Попытки ошельмовать хасидов предпринимались и позднее, свидетельством чему стал донос императору пинского раввина Авигдора Хаймовича (1800), в коем он выставил своих противников людьми безнравственными, не признающими государственного порядка. Этот самый Хаймович в прошлом писал панегирические сочинения, и по его словам, что он “понравился Павлу”, можно заключить, что этот доносчик добился у государя аудиенции. Шнеур Залман был вторично схвачен. Здесь сыграло роль и то, что Державин во время своей инспекционной поездки в Белоруссию не был впечатлен встречей с Шнеуром Залманом и, со слов миснагдим, аттестовал его как “лицемера”, “ханжу” и сообщил, что “через него переводят (хасиды) серебряные и золотые деньги в Палестину”. Ребе вновь должен был обстоятельно отвечать на предъявленные ему обвинения. И ответы хасида, по словам самого Хаймовича, “понравились Павлу”. Шнеур Залман был освобожден.

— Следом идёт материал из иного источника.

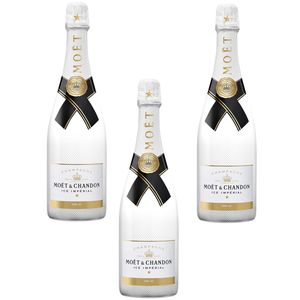 Champagne Moet & Chandon - Ice ImpŽrial Brut x3 75cl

А император, поняв истинный характер противостояния сторон, повелел: “Дело между евреями Авигдором Хаймовичем и Залманом Боруховичем, касающегося до их религии и прочего, в Сенате рассмотреть и учинить положение, на каком основании быть секте хасидов и кагалам”. Так хасиды были окончательно легализованы в России.
Интересно в этой связи отметить, что случаи крещения евреев в павловское время единичны и куда более редки, чем у представителей других этносов и конфессий. Так, согласно газете “Московские ведомости” за 1798 год, в России приняли православие всего три еврея “мужеского пола”, в то время как перекрестов из татар, мордвы, а также из католиков и лютеран — более 40 человек.
Гаврила Державин, перефразируя известные стихи Горация, писал, что “памятник воздвиг себе чудесный, вечный” не в последнюю очередь благодаря тому, что “истину царям с улыбкой говорил”. Однако об опасностях, исходящих от евреев, об их “корыстных промыслах”, о злокозненности этого “рода строптивого и изуверного” он докладывал Павлу без тени улыбки, но с убийственной серьезностью. “Таким образом… — заключал он свое “Мнение”, — в своем печальном состоянии (иудеи) получат образ благоустройства. А Павлу Первому предоставится в род и род незабвенная слава, что он первый из монархов российских исполнил сию великую заповедь: “Любите враги ваша, добро творите ненавидящим вас””.
Истина состоит в том, что именно Павел первым из российских венценосцев всерьез озаботился благоустройством иудеев в империи. Этот монарх вовсе не считал их врагами и ненавистниками христиан. И славен он тем, что первый и, пожалуй, единственный из монархов российских был начисто лишен антисемитизма, в том числе и религиозного.